Court strikes down FLRA attempt to restrict federal sector collective bargaining


Washington – The American Federation of Government Employees has won a significant victory over the Federal Labor Relations Authority’s (FLRA) attempts to limit the scope of federal sector bargaining.

The case at issue involves a grievance filed by AFGE Local 1929 against the Customs and Border Protection for changing conditions of employment for vehicle inspection agents in El Paso, Texas, without first notifying and negotiating with the union, in violation of the Federal Service Labor-Management Relations Statute.

After an arbitrator ruled in AFGE’s favor, the FLRA set aside the arbitrator’s award and attempted to change its longstanding interpretation of the statutory term “conditions of employment.”

But in a June 9 decision, the U.S. Court of Appeals for the District of Columbia Circuit said the FLRA departed from precedent “based on a misreading of case law and without explaining the departure.”
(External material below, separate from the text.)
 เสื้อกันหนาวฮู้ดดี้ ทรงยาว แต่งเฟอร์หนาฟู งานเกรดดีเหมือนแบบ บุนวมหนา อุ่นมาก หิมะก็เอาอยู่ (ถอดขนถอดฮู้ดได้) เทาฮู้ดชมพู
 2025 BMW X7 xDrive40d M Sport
“The FLRA had tried to use this case to limit workers’ bargaining rights and prevent the union from negotiating on their behalf on certain issues,” AFGE National President Everett Kelley said. “Had the agency prevailed, it could have limited the scope of bargaining through the federal sector.”

The Court of Appeals vacated the FLRA’s decision and remanded the case to the authority for a new decision consistent with the court’s opinion.